◆ **PROBLEM TO WORK ON**
From the line containing "Jordan Air Jordan" to the last line of the listing, both included, copy every line exactly and drop the pictures.

AVAILABLE DATA Block Start

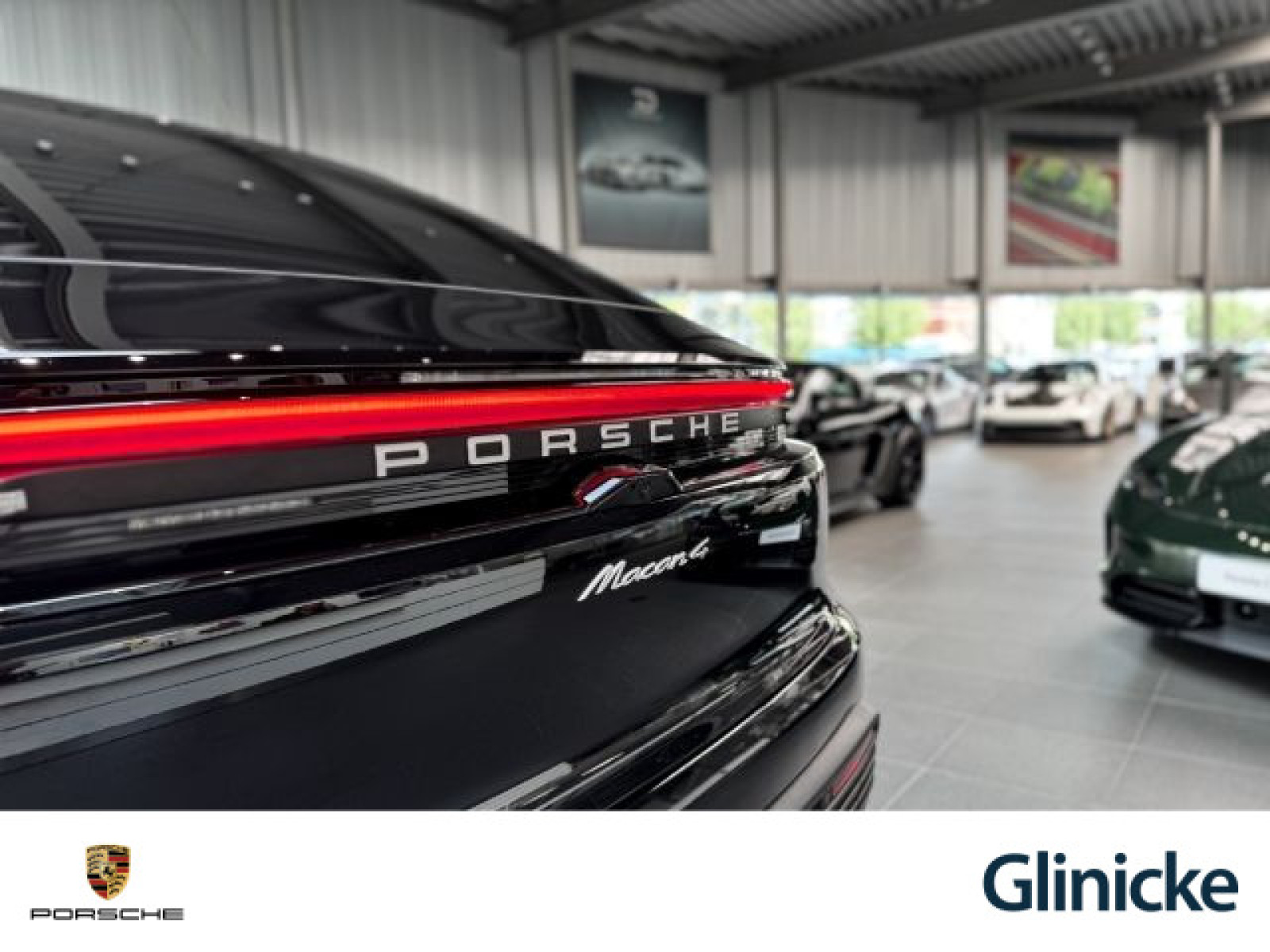 Porsche - Macan_33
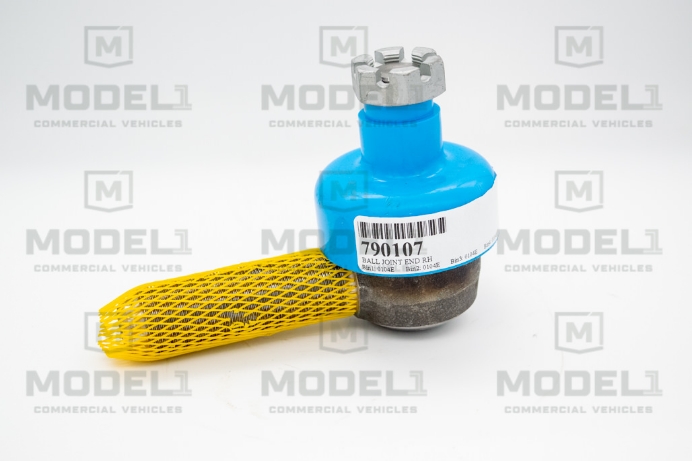 Picture of BALL JOINT END RH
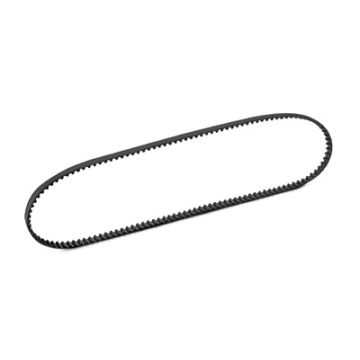 Xray Low Friction Drive Belt Side 4.5 X 396 mm (XR335443)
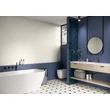 Kép 3/7 - Paradyz - Nightwish Bianco B Struktura 25x75 I.oszt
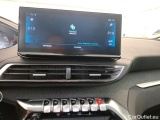  Peugeot  3008  Allure Pack 1.5 HDi 130CV BVA8 E6d #7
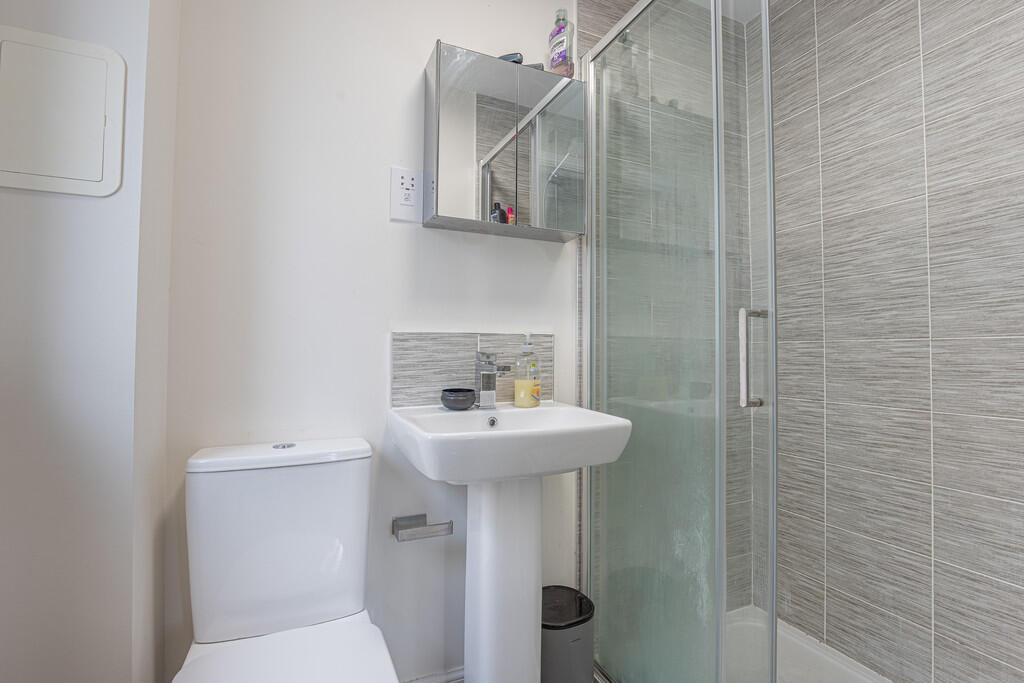 Additional image 7 of Cuthbertson Grove, Bucksburn, Aberdeen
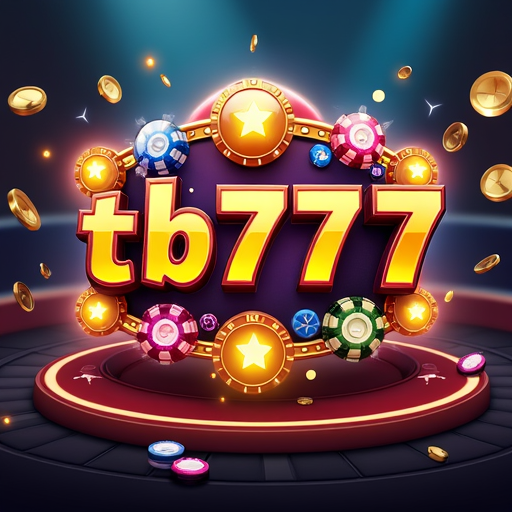 tb777 game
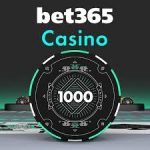 how to accumulator bet365
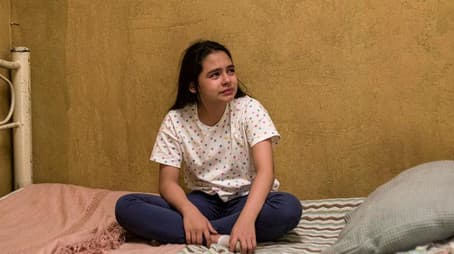 Capitulo 12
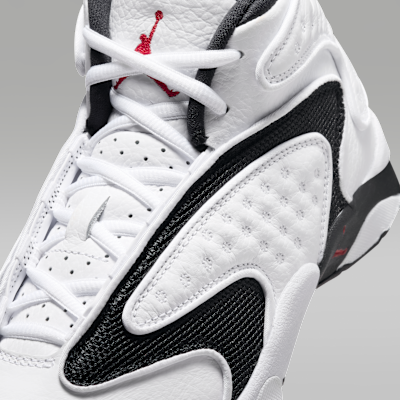 Jordan Air Jordan OG Kadın Ayakkabısı görsel 7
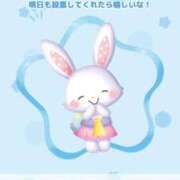 りつか 4/23🌟 吉原ファーストレディ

AVAILABLE DATA Block End

◆ **SOLUTION FOR THIS TASK**
 Jordan Air Jordan OG Kadın Ayakkabısı görsel 7
 りつか 4/23🌟 吉原ファーストレディ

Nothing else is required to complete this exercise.